▶ Work instruction:
What you return must match the material exactly, with every line present.

▶ Entries supplied:
>>>>

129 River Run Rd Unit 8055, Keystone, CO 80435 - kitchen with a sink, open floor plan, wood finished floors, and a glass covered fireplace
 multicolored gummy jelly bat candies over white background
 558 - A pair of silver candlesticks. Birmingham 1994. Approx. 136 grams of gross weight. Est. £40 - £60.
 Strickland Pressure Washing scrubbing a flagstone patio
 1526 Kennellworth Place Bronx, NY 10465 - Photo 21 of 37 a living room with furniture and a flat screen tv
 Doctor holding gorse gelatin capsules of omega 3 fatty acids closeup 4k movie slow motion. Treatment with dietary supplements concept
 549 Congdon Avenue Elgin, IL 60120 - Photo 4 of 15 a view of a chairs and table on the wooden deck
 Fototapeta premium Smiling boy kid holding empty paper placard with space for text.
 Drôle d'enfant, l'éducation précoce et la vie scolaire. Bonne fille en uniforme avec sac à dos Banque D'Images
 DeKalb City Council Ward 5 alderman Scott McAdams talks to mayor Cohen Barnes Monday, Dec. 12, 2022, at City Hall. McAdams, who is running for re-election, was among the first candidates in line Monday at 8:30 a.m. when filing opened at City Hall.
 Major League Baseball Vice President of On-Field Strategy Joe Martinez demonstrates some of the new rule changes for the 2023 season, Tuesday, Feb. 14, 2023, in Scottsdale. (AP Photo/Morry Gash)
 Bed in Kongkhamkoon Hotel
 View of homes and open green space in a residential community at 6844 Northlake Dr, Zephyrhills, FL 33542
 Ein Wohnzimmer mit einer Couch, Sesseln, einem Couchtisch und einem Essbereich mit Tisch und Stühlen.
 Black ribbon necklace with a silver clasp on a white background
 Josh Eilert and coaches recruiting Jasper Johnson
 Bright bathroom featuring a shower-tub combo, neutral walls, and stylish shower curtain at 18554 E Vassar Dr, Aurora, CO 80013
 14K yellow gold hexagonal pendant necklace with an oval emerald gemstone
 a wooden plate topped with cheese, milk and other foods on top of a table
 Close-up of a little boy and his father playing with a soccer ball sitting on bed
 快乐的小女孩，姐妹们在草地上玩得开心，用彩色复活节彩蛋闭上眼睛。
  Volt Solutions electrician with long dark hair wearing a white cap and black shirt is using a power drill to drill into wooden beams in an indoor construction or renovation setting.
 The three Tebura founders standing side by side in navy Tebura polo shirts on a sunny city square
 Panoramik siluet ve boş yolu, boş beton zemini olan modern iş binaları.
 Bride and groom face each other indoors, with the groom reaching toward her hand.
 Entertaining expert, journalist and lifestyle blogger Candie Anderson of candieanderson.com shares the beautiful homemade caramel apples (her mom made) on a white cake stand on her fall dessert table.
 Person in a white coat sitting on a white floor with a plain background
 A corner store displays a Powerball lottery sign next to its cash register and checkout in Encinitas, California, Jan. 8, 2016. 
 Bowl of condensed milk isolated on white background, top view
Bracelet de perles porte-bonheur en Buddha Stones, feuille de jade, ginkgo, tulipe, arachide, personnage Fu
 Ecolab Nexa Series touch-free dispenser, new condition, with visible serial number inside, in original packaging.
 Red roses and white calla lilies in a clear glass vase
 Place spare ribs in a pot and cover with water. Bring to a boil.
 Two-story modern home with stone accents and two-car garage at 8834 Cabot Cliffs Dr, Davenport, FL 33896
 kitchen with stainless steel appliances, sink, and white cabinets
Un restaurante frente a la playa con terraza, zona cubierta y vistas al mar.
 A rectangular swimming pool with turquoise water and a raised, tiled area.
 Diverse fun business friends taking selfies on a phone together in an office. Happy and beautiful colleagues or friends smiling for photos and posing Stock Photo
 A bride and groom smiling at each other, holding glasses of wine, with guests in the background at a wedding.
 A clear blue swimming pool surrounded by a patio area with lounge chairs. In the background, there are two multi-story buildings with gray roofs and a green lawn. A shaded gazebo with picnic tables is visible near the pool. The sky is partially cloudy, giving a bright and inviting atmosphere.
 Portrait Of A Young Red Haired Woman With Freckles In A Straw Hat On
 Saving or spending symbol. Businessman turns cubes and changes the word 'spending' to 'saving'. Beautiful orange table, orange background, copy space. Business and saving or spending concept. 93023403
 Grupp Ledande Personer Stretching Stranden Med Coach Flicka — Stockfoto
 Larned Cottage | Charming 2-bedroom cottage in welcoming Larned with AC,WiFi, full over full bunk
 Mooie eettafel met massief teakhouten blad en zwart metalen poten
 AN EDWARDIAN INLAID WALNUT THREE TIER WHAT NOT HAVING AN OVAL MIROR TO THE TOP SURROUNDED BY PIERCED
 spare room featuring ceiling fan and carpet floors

<<<<

▶ Result of the task:
129 River Run Rd Unit 8055, Keystone, CO 80435 - kitchen with a sink, open floor plan, wood finished floors, and a glass covered fireplace
 multicolored gummy jelly bat candies over white background
 558 - A pair of silver candlesticks. Birmingham 1994. Approx. 136 grams of gross weight. Est. £40 - £60.
 Strickland Pressure Washing scrubbing a flagstone patio
 1526 Kennellworth Place Bronx, NY 10465 - Photo 21 of 37 a living room with furniture and a flat screen tv
 Doctor holding gorse gelatin capsules of omega 3 fatty acids closeup 4k movie slow motion. Treatment with dietary supplements concept
 549 Congdon Avenue Elgin, IL 60120 - Photo 4 of 15 a view of a chairs and table on the wooden deck
 Fototapeta premium Smiling boy kid holding empty paper placard with space for text.
 Drôle d'enfant, l'éducation précoce et la vie scolaire. Bonne fille en uniforme avec sac à dos Banque D'Images
 DeKalb City Council Ward 5 alderman Scott McAdams talks to mayor Cohen Barnes Monday, Dec. 12, 2022, at City Hall. McAdams, who is running for re-election, was among the first candidates in line Monday at 8:30 a.m. when filing opened at City Hall.
 Major League Baseball Vice President of On-Field Strategy Joe Martinez demonstrates some of the new rule changes for the 2023 season, Tuesday, Feb. 14, 2023, in Scottsdale. (AP Photo/Morry Gash)
 Bed in Kongkhamkoon Hotel
 View of homes and open green space in a residential community at 6844 Northlake Dr, Zephyrhills, FL 33542
 Ein Wohnzimmer mit einer Couch, Sesseln, einem Couchtisch und einem Essbereich mit Tisch und Stühlen.
 Black ribbon necklace with a silver clasp on a white background
 Josh Eilert and coaches recruiting Jasper Johnson
 Bright bathroom featuring a shower-tub combo, neutral walls, and stylish shower curtain at 18554 E Vassar Dr, Aurora, CO 80013
 14K yellow gold hexagonal pendant necklace with an oval emerald gemstone
 a wooden plate topped with cheese, milk and other foods on top of a table
 Close-up of a little boy and his father playing with a soccer ball sitting on bed
 快乐的小女孩，姐妹们在草地上玩得开心，用彩色复活节彩蛋闭上眼睛。
  Volt Solutions electrician with long dark hair wearing a white cap and black shirt is using a power drill to drill into wooden beams in an indoor construction or renovation setting.
 The three Tebura founders standing side by side in navy Tebura polo shirts on a sunny city square
 Panoramik siluet ve boş yolu, boş beton zemini olan modern iş binaları.
 Bride and groom face each other indoors, with the groom reaching toward her hand.
 Entertaining expert, journalist and lifestyle blogger Candie Anderson of candieanderson.com shares the beautiful homemade caramel apples (her mom made) on a white cake stand on her fall dessert table.
 Person in a white coat sitting on a white floor with a plain background
 A corner store displays a Powerball lottery sign next to its cash register and checkout in Encinitas, California, Jan. 8, 2016. 
 Bowl of condensed milk isolated on white background, top view
Bracelet de perles porte-bonheur en Buddha Stones, feuille de jade, ginkgo, tulipe, arachide, personnage Fu
 Ecolab Nexa Series touch-free dispenser, new condition, with visible serial number inside, in original packaging.
 Red roses and white calla lilies in a clear glass vase
 Place spare ribs in a pot and cover with water. Bring to a boil.
 Two-story modern home with stone accents and two-car garage at 8834 Cabot Cliffs Dr, Davenport, FL 33896
 kitchen with stainless steel appliances, sink, and white cabinets
Un restaurante frente a la playa con terraza, zona cubierta y vistas al mar.
 A rectangular swimming pool with turquoise water and a raised, tiled area.
 Diverse fun business friends taking selfies on a phone together in an office. Happy and beautiful colleagues or friends smiling for photos and posing Stock Photo
 A bride and groom smiling at each other, holding glasses of wine, with guests in the background at a wedding.
 A clear blue swimming pool surrounded by a patio area with lounge chairs. In the background, there are two multi-story buildings with gray roofs and a green lawn. A shaded gazebo with picnic tables is visible near the pool. The sky is partially cloudy, giving a bright and inviting atmosphere.
 Portrait Of A Young Red Haired Woman With Freckles In A Straw Hat On
 Saving or spending symbol. Businessman turns cubes and changes the word 'spending' to 'saving'. Beautiful orange table, orange background, copy space. Business and saving or spending concept. 93023403
 Grupp Ledande Personer Stretching Stranden Med Coach Flicka — Stockfoto
 Larned Cottage | Charming 2-bedroom cottage in welcoming Larned with AC,WiFi, full over full bunk
 Mooie eettafel met massief teakhouten blad en zwart metalen poten
 AN EDWARDIAN INLAID WALNUT THREE TIER WHAT NOT HAVING AN OVAL MIROR TO THE TOP SURROUNDED BY PIERCED
 spare room featuring ceiling fan and carpet floors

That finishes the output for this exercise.